Abbau und Aufbruch

QUADRIENNALE Die neue Kunst in Düsseldorf ist super und superlativ

Die Frage, wer im Museum das Sagen hat, ist erst einmal ausgesetzt

Die Kunst ist super, nicht nur in Berlin, sondern auch in Düsseldorf. Dort hat Marion Ackermann, seit dem 1. September 2009 Leiterin der Kunstsammlung Nordrhein-Westfalen, an diesem Wochenende ihre Sammlungsneupräsentation im K 21, dem Ständehaus, der Öffentlichkeit vorgestellt. Im Vorfeld hatte es Ärger gegeben. Denn Reinhard Mucha hatte sich heftig gegen Ackermanns Ansinnen gewehrt, im Zuge der Neuordnung seinen Beitrag zum deutschen Pavillon in Venedig 1990, „Deutschlandgerät“, an seinem alten Standort abzubauen.

Nun thront der 2002 nach Düsseldorf gekommene, düstere Geräte-Koloss noch immer im zentralen Raum des zweiten Stockwerks, sehr fremd inmitten der frischen, intelligenten Neuhängung. Und die Frage, wer im Museum das Sagen hat, ist erst einmal ausgesetzt.

Die Idee, die Marion Ackermann in ihrer Neupräsentation verfolgt, nämlich Hauptwerke der klassischen Moderne mit zentralen Positionen der Gegenwartskunst in einen Dialog zu bringen, ist recht besehen so neu nicht. Im Fall des Ständehauses, das bislang vor allem Installationen, Skulpturen, Fotografie und Videoarbeiten gezeigt hat und in das nun wieder Tafelbilder einzogen, überzeugt sie aber besonders. Denn anders als man vermuten möchte, verstellt die leidige Sortierung nach der Machart eher den Blick auf das inhaltliche wie formale Anliegen der Kunstwerke. Ein Raum dagegen, in dem jetzt die Typologien der Bechers gegenüber dem gesichts- und handlosen Mannequin hängen, das George Grosz 1920 inmitten einer Straßenschlucht modernistischer Fabrikfassaden stellte, schärft das Empfinden für das Gewicht der formalen Entscheidung, die die Fotografen für ihre Ansicht der Industriearchitektur trafen. Aber auch der von Grosz, der sich nach eigener Aussage an der „Sachlichkeit und Klarheit der Ingenieurzeichnung“ orientierte, um ein unpersönliches Lehrbild zu schaffen.

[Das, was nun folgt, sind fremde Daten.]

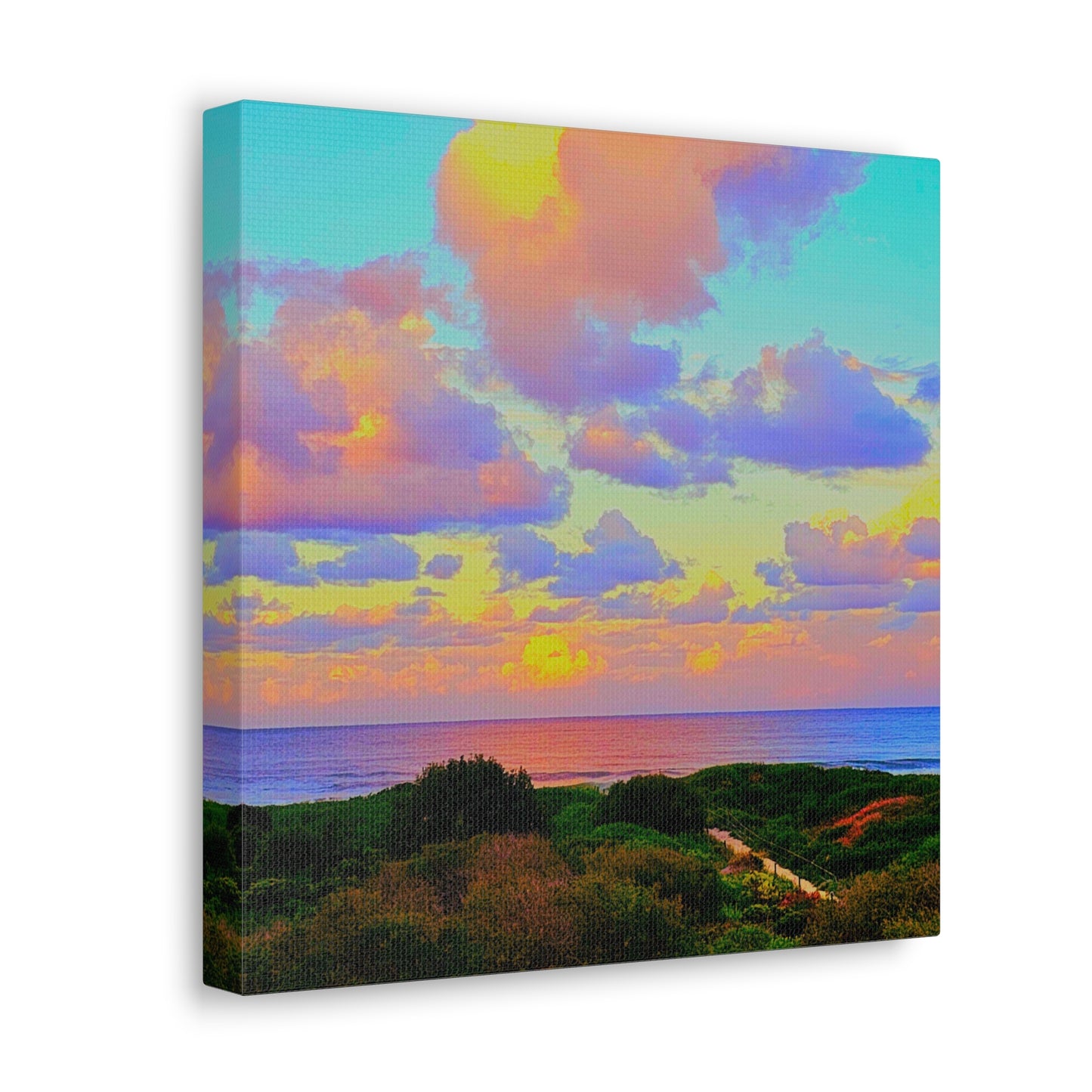 Cotton Candy Skies Canvas Print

Die Kunst ist aber nicht nur super in Düsseldorf, sie ist auch superlativ. Jedenfalls ab September, wenn zum zweiten Mal die Quadriennale stattfindet, das Fest der bildenden Kunst, wie Düsseldorfs Kulturdezernent Hans-Georg Lohe auf der Pressekonferenz sagte. Es wird vor allem ein Fest der Klassiker der Gegenwartskunst werden: Joseph Beuys wird von der Kunstsammlung Nordrhein-Westfalen gefeiert, Marcel Broodthaers vom Kunstverein, Nam June Paik vom museum kunst palast, Stephen Shore vom NRW-Forum, James Lee Byars von der Stiftung Schloss und Park Benrath, Katharina Sieverding vom inter media art institute und schließlich Derek Jarman mit seinen ganz frühen Super-8-Filmen von der Julia Stoschek Collection. Womit erneut klar wird, dass spannende Kunst eine Angelegenheit (in der Mehrzahl) toter Männer ist.